[[ THE DATA open ]]

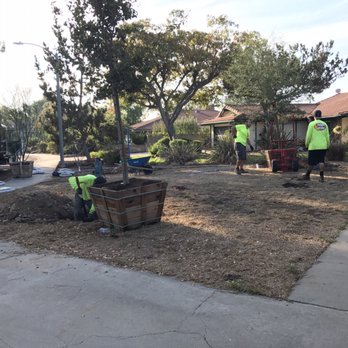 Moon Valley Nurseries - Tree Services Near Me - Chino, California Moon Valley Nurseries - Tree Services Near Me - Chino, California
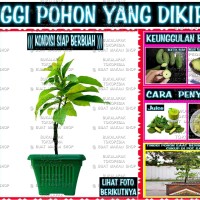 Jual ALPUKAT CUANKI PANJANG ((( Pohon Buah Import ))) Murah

[[ THE DATA closed ]]
[[ THE DATA open ]]

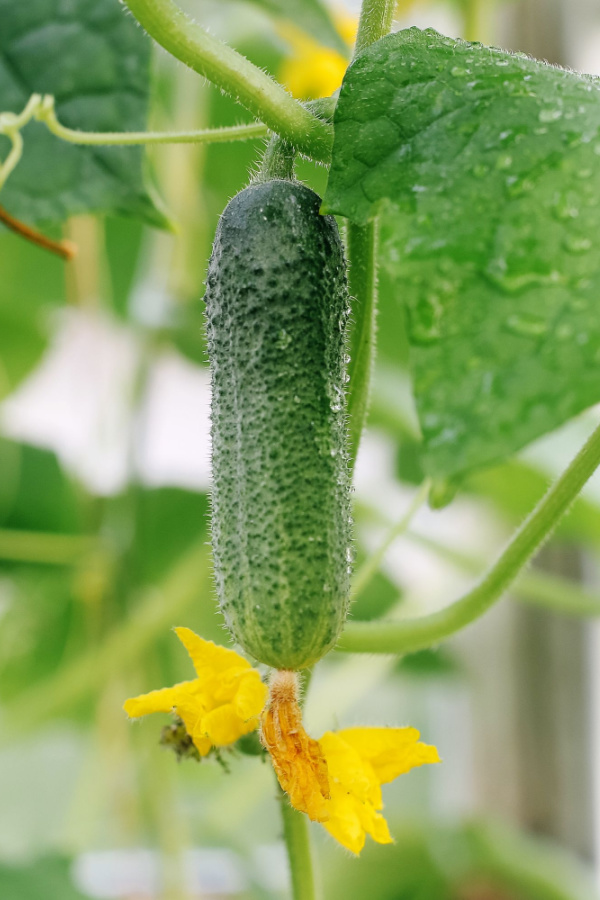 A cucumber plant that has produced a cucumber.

[[ THE DATA closed ]]
[[ THE DATA open ]]

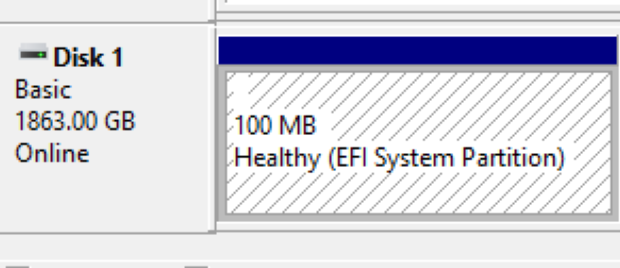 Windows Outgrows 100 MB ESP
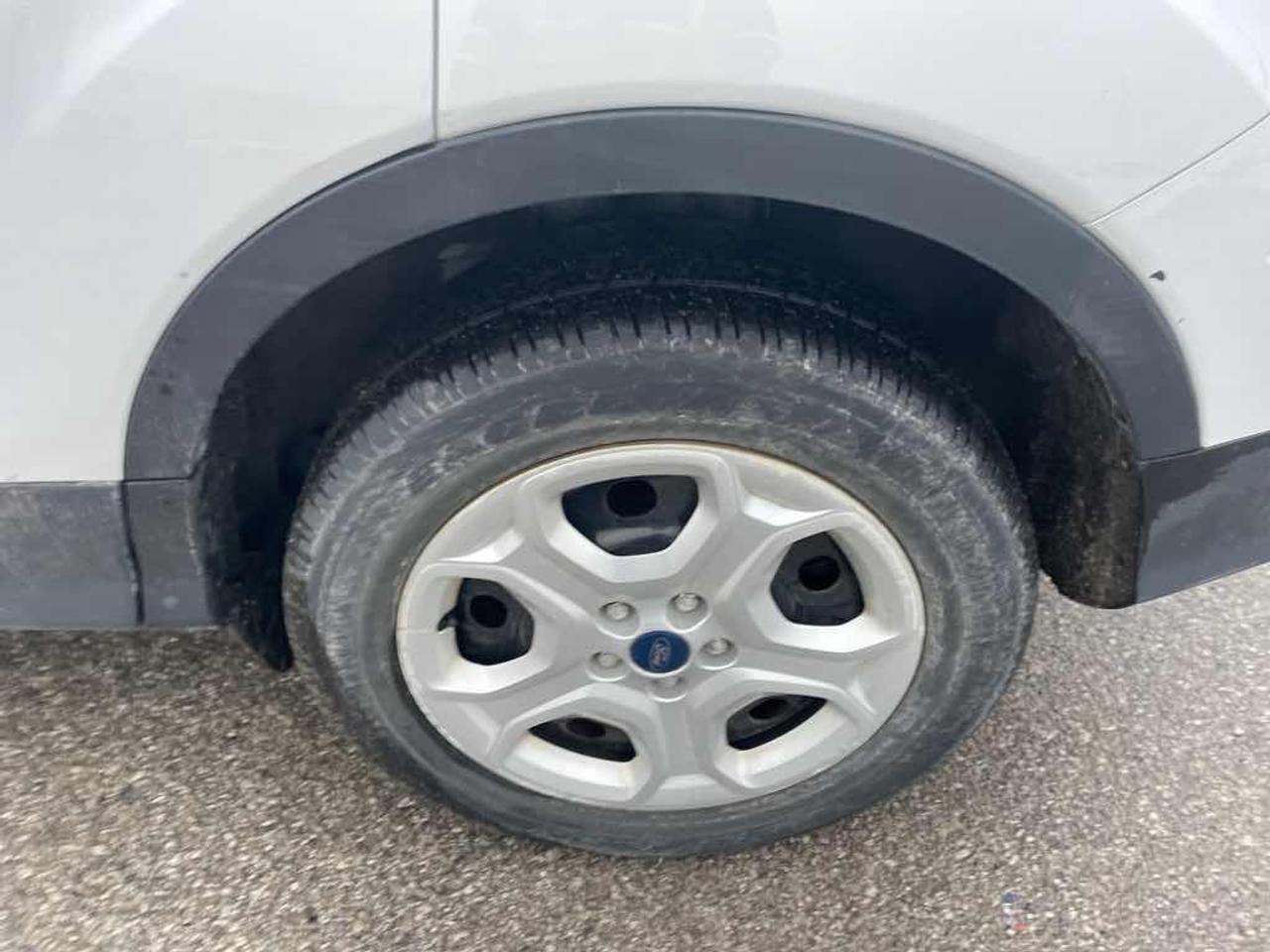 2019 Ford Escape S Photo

[[ THE DATA closed ]]

PROBLEM TO WORK ON → Take only the lines above from the one that has "Chino, California Moon" through the one that has "Jual ALPUKAT CUANKI" and reproduce them exactly, omitting any pictures.

ANSWER BOX →
 Moon Valley Nurseries - Tree Services Near Me - Chino, California Moon Valley Nurseries - Tree Services Near Me - Chino, California
 Jual ALPUKAT CUANKI PANJANG ((( Pohon Buah Import ))) Murah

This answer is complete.